Mike Chavez stat sheet
Chavez made an immediate impact on the hardwood, earning all-state honors as a freshman at Heart Butte. It wasn’t until the end of that freshman year and into his sophomore year, though, that Chavez became a household name across the Treasure State. He helped lead Heart Butte to back-to-back Class C state championships, earning State C MVP honors both years. The Warriors met Lame Deer in an undefeated semifinal showdown at the 2000 state tournament in what many consider to be one of the great games in Montana history. Chavez scored 27 points and grabbed 14 rebounds as Heart Butte advanced to the championship. He followed that up with a massive game of 35 points and 19 rebounds in the Warriors’ championship win over Gardiner. As a junior, Chavez averaged 22.5 points (on 67 percent shooting), 7.5 rebounds and two blocks per game in leading Heart Butte to another title (and another tournament MVP award). Chavez transferred to Browning the next year, adding his third state title and tournament MVP to his trophy case. All told, Chavez was a four-time all-state selection, three-time state champion and tournament MVP, Midland Roundtable Montana-Wyoming all-star selection and three-time USA Today Montana Player of the Year (2000, 2001 and 2002).

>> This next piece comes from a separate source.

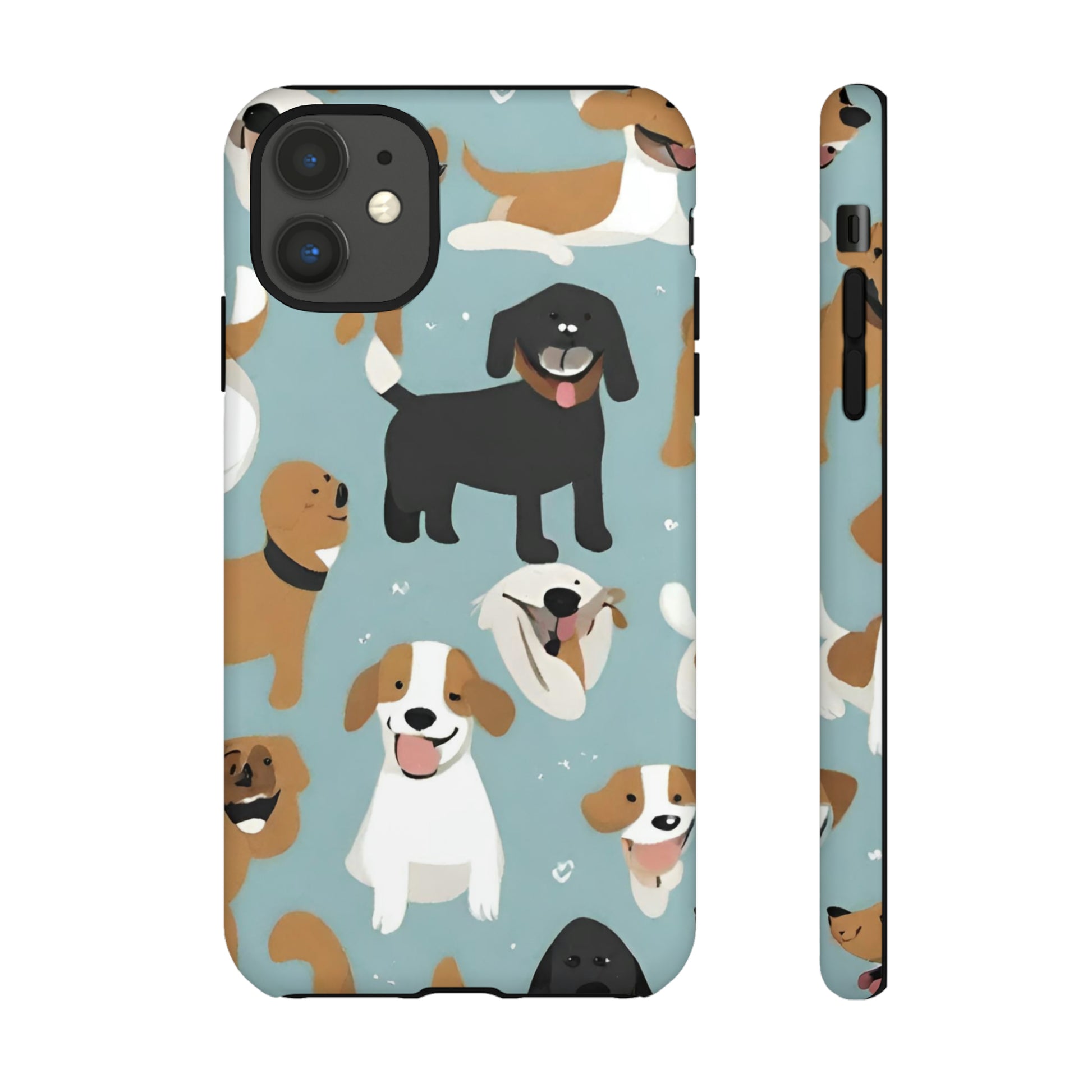 Sniffwagglendwalk™ Multi Dog Design Tough Phone Case. - Sniff Waggle And Walk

He was heavily recruited coming out of high school but opted to stay in-state at the University of Montana. He started six games as a freshman, but he was suspended during the year after an arrest for drunken driving. He dropped out of school, only to eventually return in 2004. Despite his modest stats – Chavez never averaged more than 4.4 points per game during a season – he became a crowd favorite. He played three seasons for the Grizzlies before embarking on a brief professional career in the Continental Basketball Association.
… on Chavez:
Box Elder coach Jeremy MacDonald: “I was in Missoula (when Chavez played at Heart Butte and Browning). My brother (Kyle MacDonald) actually played in Heart Butte. My brother was a senior and Mike was a junior. My brother was a point guard on the second championship team they had in Heart Butte. … They were just kind of dominant. I think, with the size they had, they were pretty imposing. I would probably say that some people were probably a little intimidated when they played those Heart Butte teams. Mike, he could get the rebound and take the ball, dribble and get a lay-up on the other hand. He had a real good handle, could knock down the 3. He just had a great all-around game. And then he went to Browning and took Browning to another level. … Mike went there and they won that state title. That was pretty cool that he could go to Browning and win a state title – won two in Class C and then one in Class A.

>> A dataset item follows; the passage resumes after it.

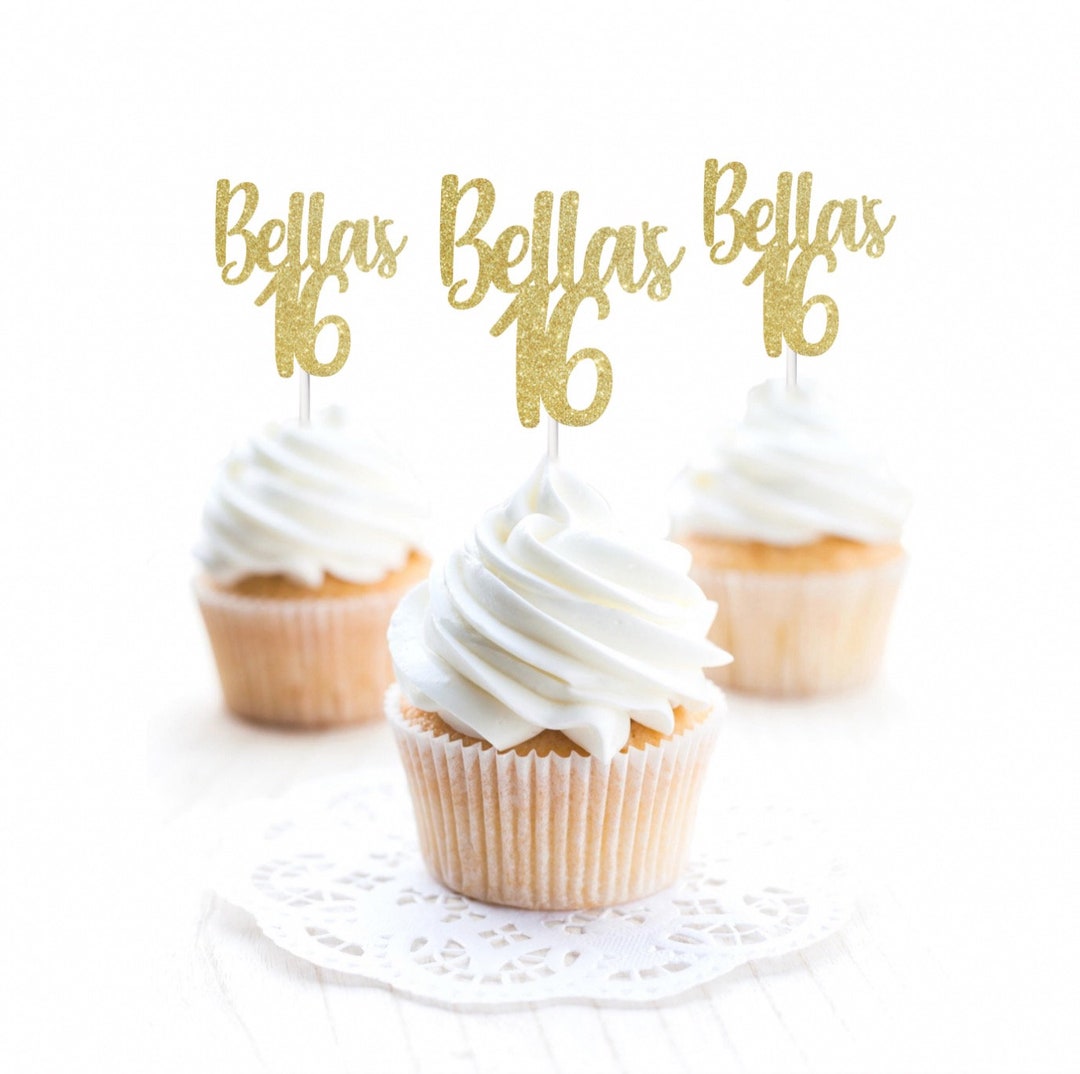 Custom Sweet 16 Cupcake Toppers Personalized Toppers Sweet Etsy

“Our basketball players are seen as role models for our younger kids and kind of inspire older people, too. So then to see somebody play high school ball, play at the Division I level, have success with the Grizzlies and then go back to a tribal community and be able to provide some positive leadership for young people, that’s huge. I think kids are going to be looking up to that person. That person’s got experience and stories that they can share with younger kids to hopefully inspire them to go accomplish something in life and then maybe make a positive impact on their community when they grow up and be adults. Mike is an excellent role model in that capacity. He’s a hero to a lot of people from different communities, because he’s got connections in different tribal communities. He’s got connections in Blackfeet country, he’s got connections down in Cheyenne, so it’s pretty cool that he’s gone back to where his roots are and has been able to make a difference there.”